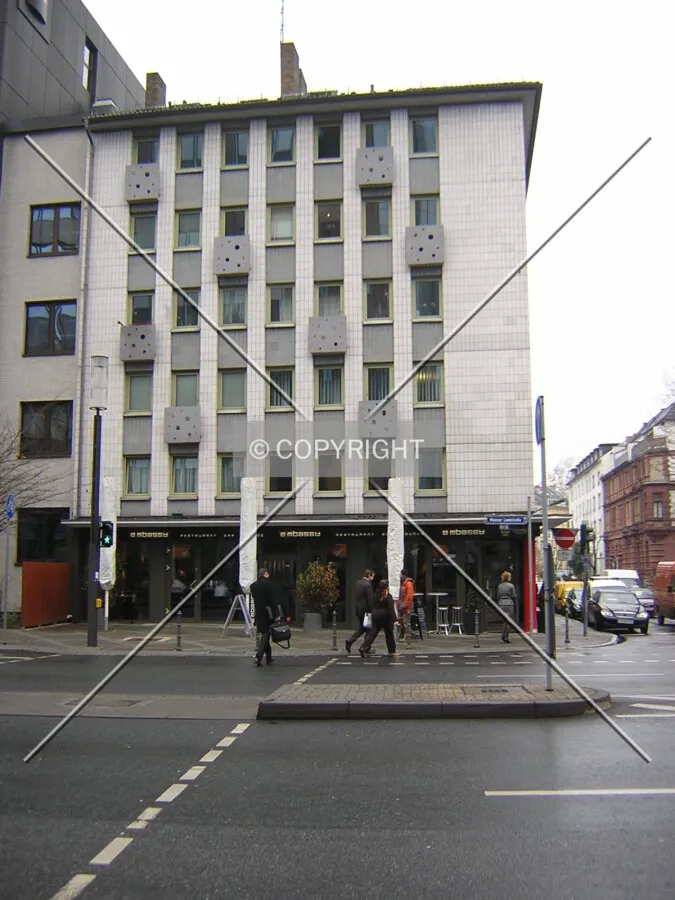 Front view; Zimmerweg on the right of the building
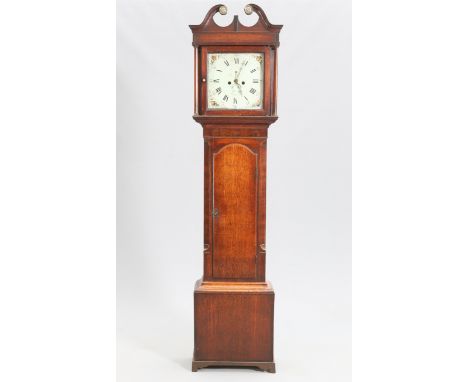 AN EARLY 19TH CENTURY OAK EIGHT-DAY LONGCASE CLOCK, the 13-inch square painted dial, signed M. Evans Llangernyw, with subsidi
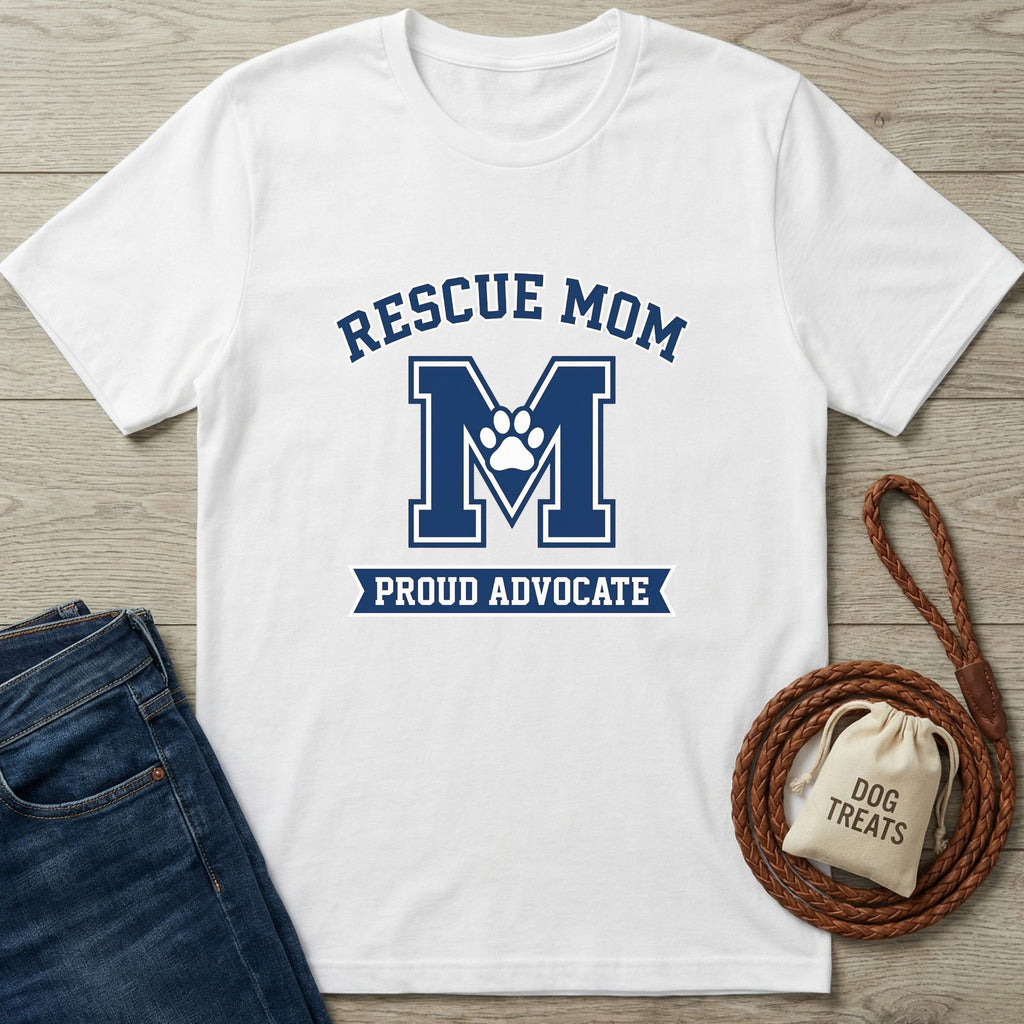 White Gildan Softstyle® t-shirt with "Rescue Mom Proud Advocate" and paw print "M" design.
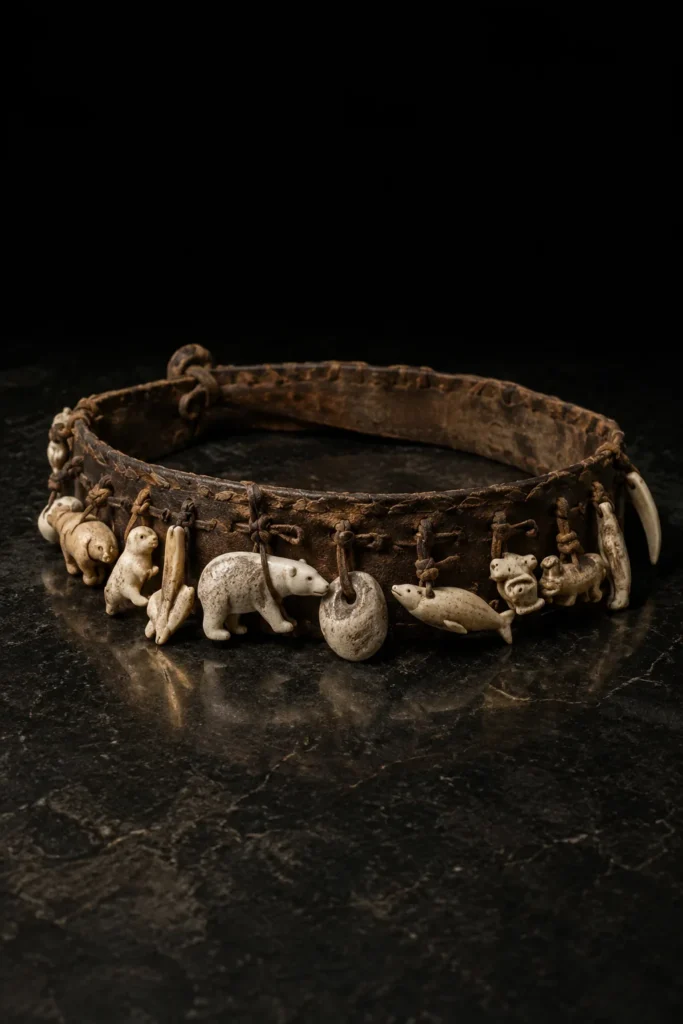 Amulet belt - protective symbol, museum-style illustration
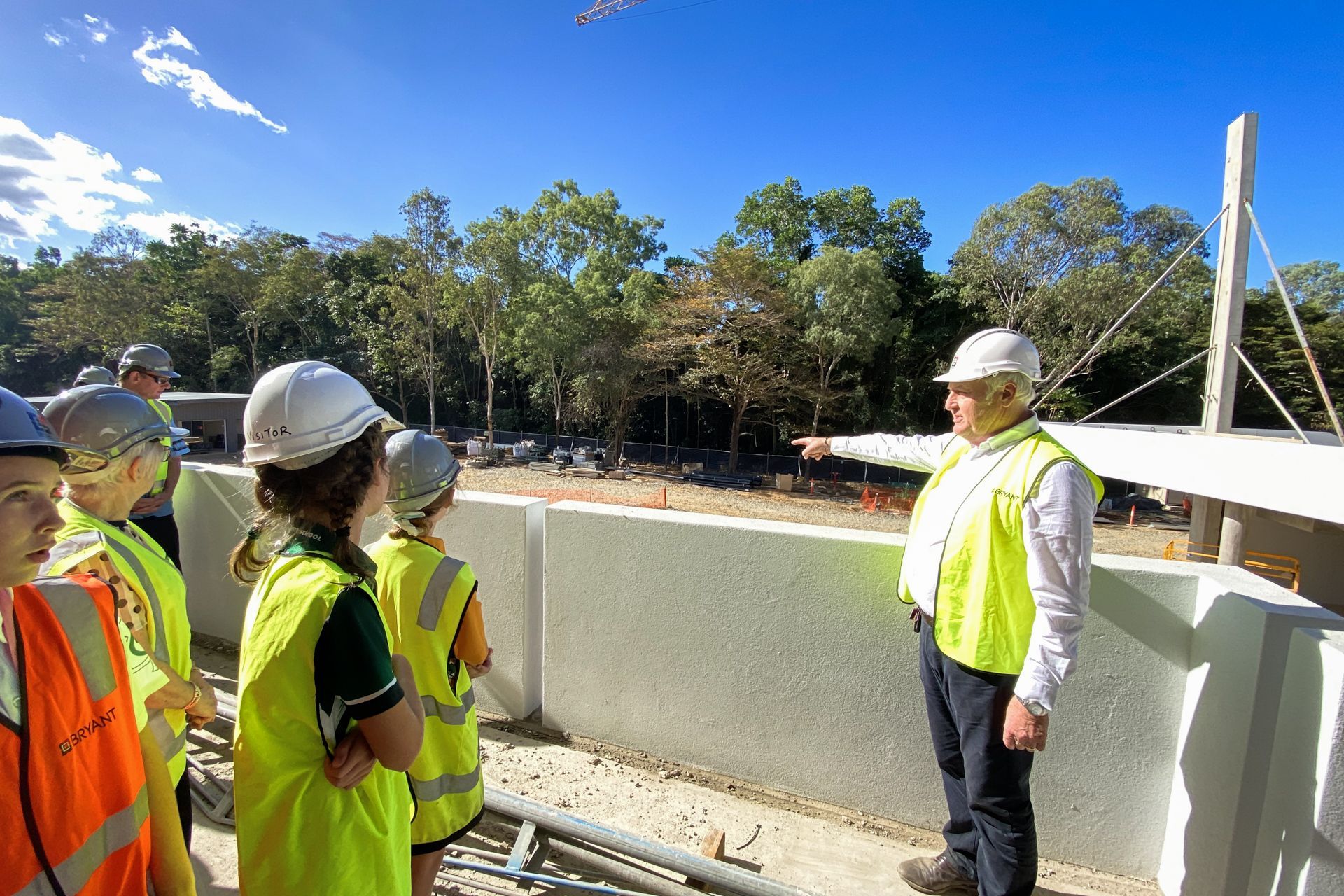 Director Roger Mainwood taking a group on a tour of the building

______

## TO DO
When copying, output the data exactly and leave out the pictures.

## WRITTEN RESPONSE
 Front view; Zimmerweg on the right of the building
 AN EARLY 19TH CENTURY OAK EIGHT-DAY LONGCASE CLOCK, the 13-inch square painted dial, signed M. Evans Llangernyw, with subsidi
 White Gildan Softstyle® t-shirt with "Rescue Mom Proud Advocate" and paw print "M" design.
 Amulet belt - protective symbol, museum-style illustration
 Director Roger Mainwood taking a group on a tour of the building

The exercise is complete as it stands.